** EXTRACTED DATA follows **

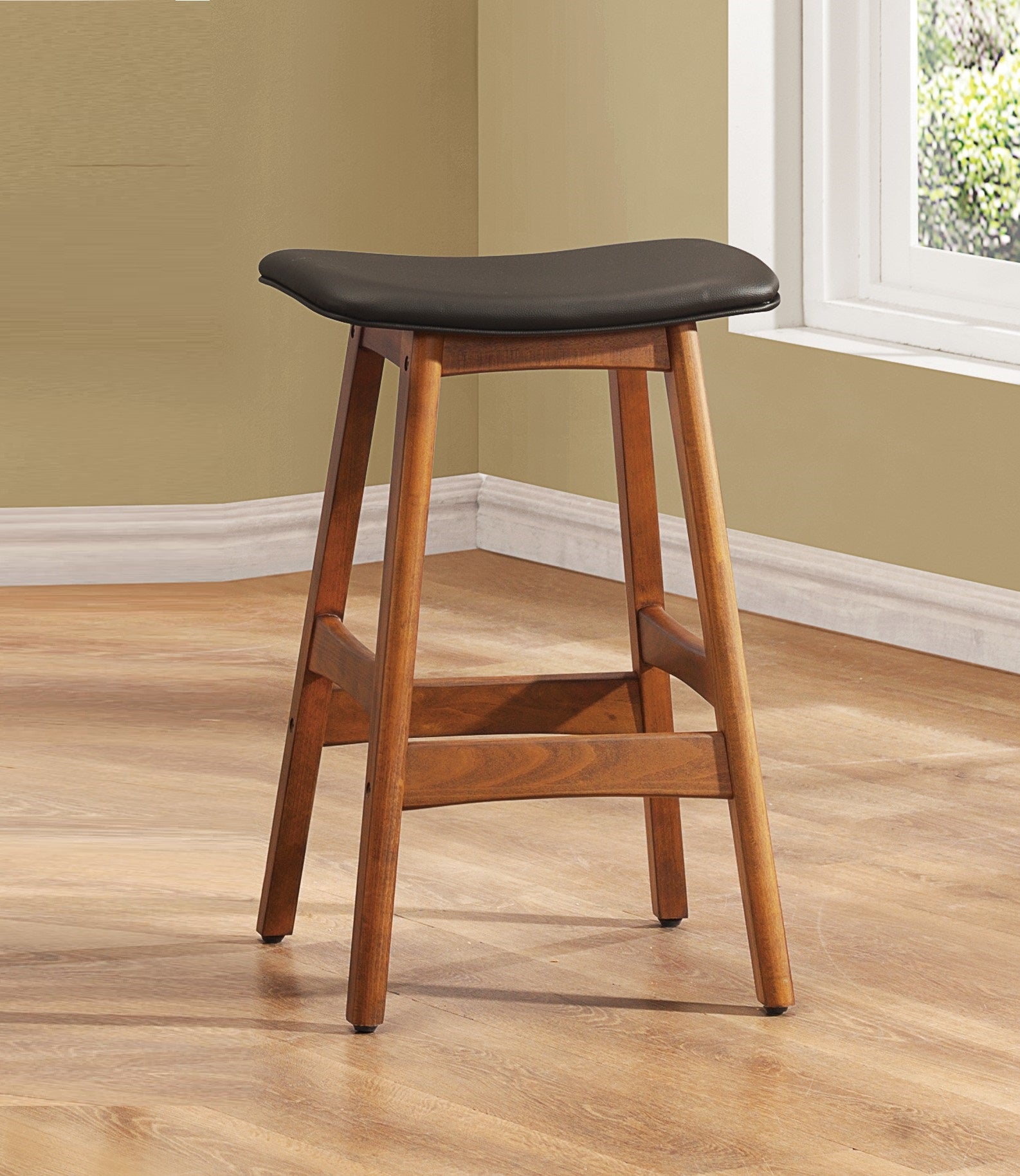 A dark brown faux leather counter stool with a wooden frame perfect for a kitchen island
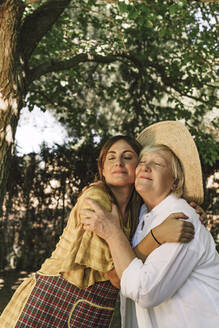 Mother and daughter with eyes closed embracing in yard - ERRF04131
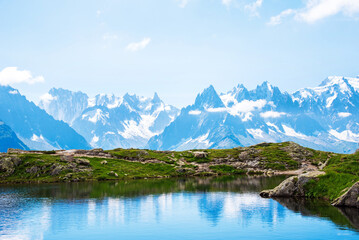 Naklejka na ściany i meble Fantastic landscape with reflection of mountains in the lake on the background of Mont Blanc, French Alps. (Harmony, tourism, meditation - concept)
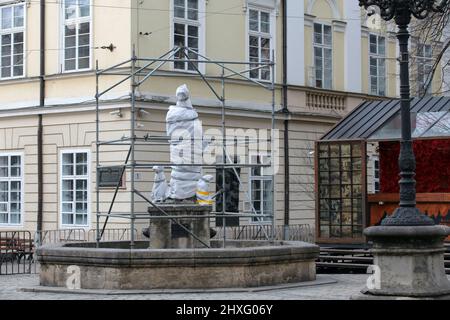 LVIV, UKRAINE - 10. MÄRZ 2022 - der Diana-Brunnen auf dem Rynok-Platz wurde versiegelt, um ihn vor Beschädigungen im Falle eines möglichen russischen A zu schützen Stockfoto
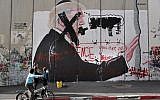 Palestinian children look at graffiti depicting US President Donald Trump and slogans against US Vice President Mike Pence painted on Israel's security barrier in the West Bank city of Bethlehem during clashes with Palestinian protesters near an Israeli checkpoint on December 7, 2017. (AFP/Thomas Coex)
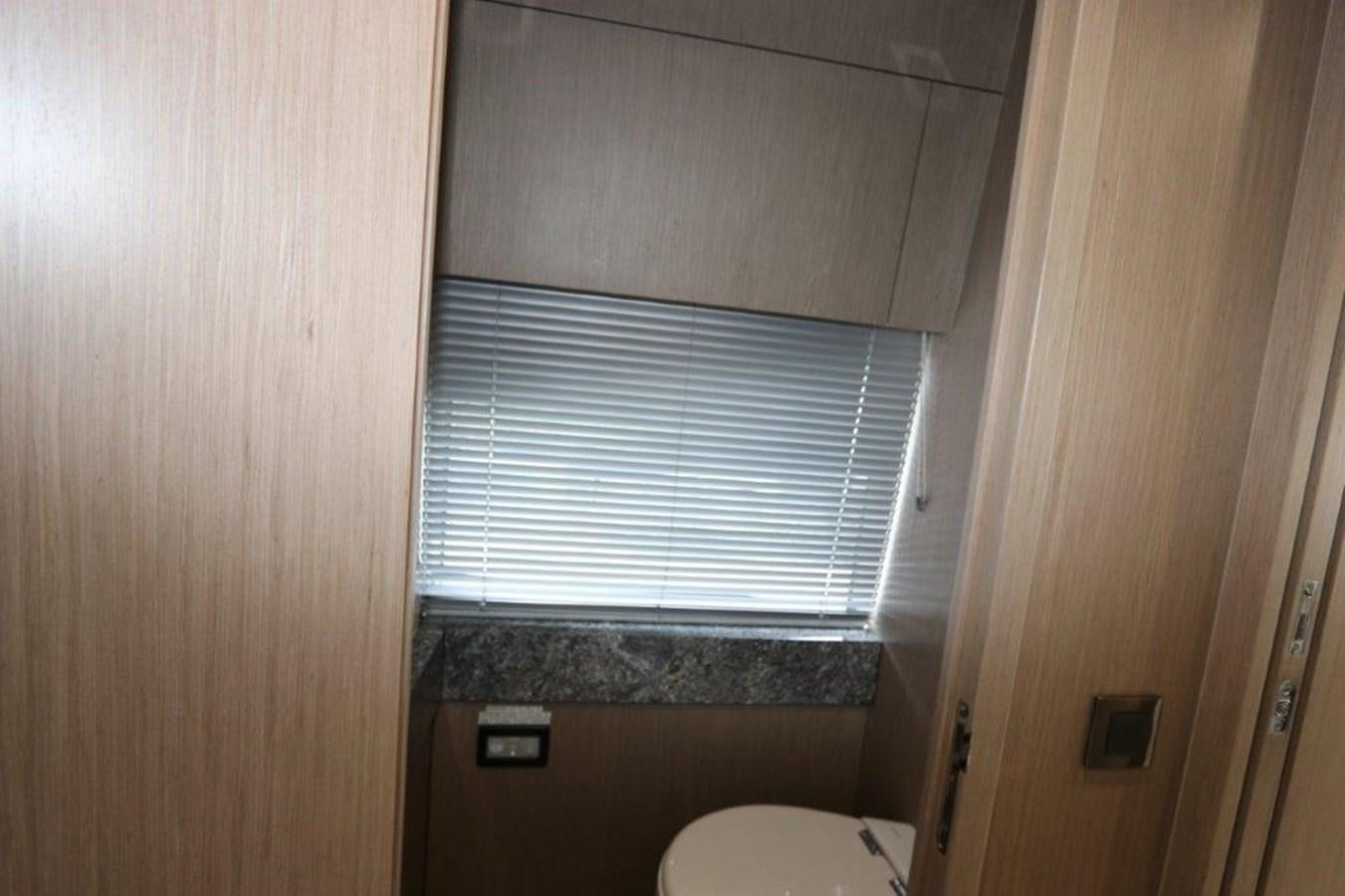 a small bathroom with a toilet aboard AQUA VISTA Yacht for Sale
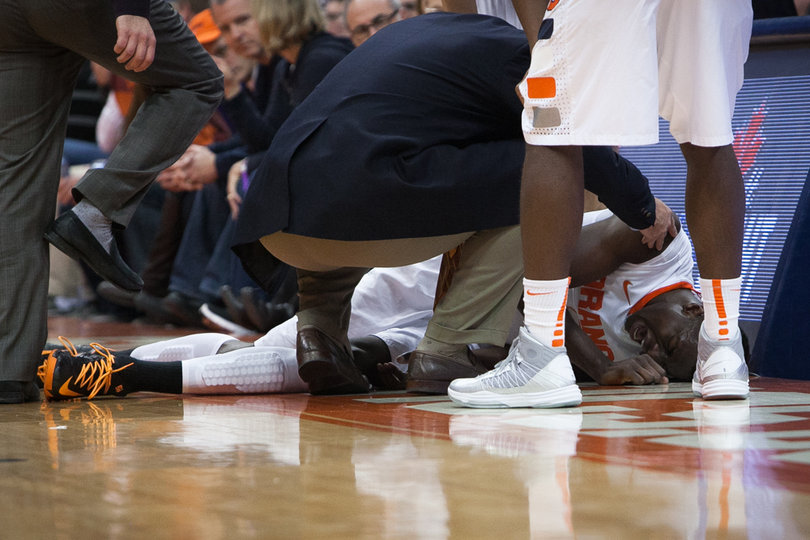 Jerami Grant tried to get down to the other end of the court, but couldn't make it. He lies on the side of the court in pain after injuring his left ankle.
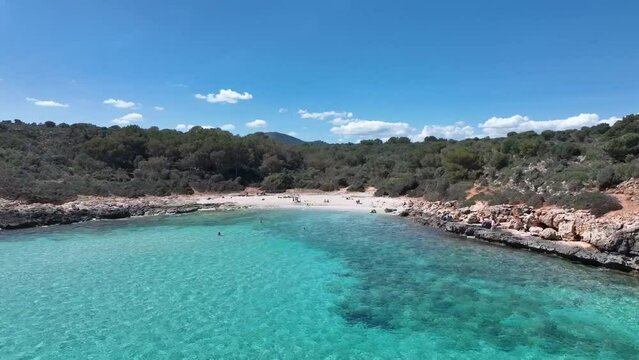 Mallorca Spain  beautiful sunset, life style, blue water, beach and rock coast, mediterranean sea, sunsets and from the sky with a drone, boat at the beach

** End of EXTRACTED DATA **

- _TASK TO CARRY OUT_:
Would you restate the listing word for word without its pictures?

- _RESULT OF THE EXERCISE_:
 A dark brown faux leather counter stool with a wooden frame perfect for a kitchen island
 Mother and daughter with eyes closed embracing in yard - ERRF04131
 Naklejka na ściany i meble Fantastic landscape with reflection of mountains in the lake on the background of Mont Blanc, French Alps. (Harmony, tourism, meditation - concept)
 LVIV, UKRAINE - 10. MÄRZ 2022 - der Diana-Brunnen auf dem Rynok-Platz wurde versiegelt, um ihn vor Beschädigungen im Falle eines möglichen russischen A zu schützen Stockfoto
 Palestinian children look at graffiti depicting US President Donald Trump and slogans against US Vice President Mike Pence painted on Israel's security barrier in the West Bank city of Bethlehem during clashes with Palestinian protesters near an Israeli checkpoint on December 7, 2017. (AFP/Thomas Coex)
 a small bathroom with a toilet aboard AQUA VISTA Yacht for Sale
 Jerami Grant tried to get down to the other end of the court, but couldn't make it. He lies on the side of the court in pain after injuring his left ankle.
 Mallorca Spain  beautiful sunset, life style, blue water, beach and rock coast, mediterranean sea, sunsets and from the sky with a drone, boat at the beach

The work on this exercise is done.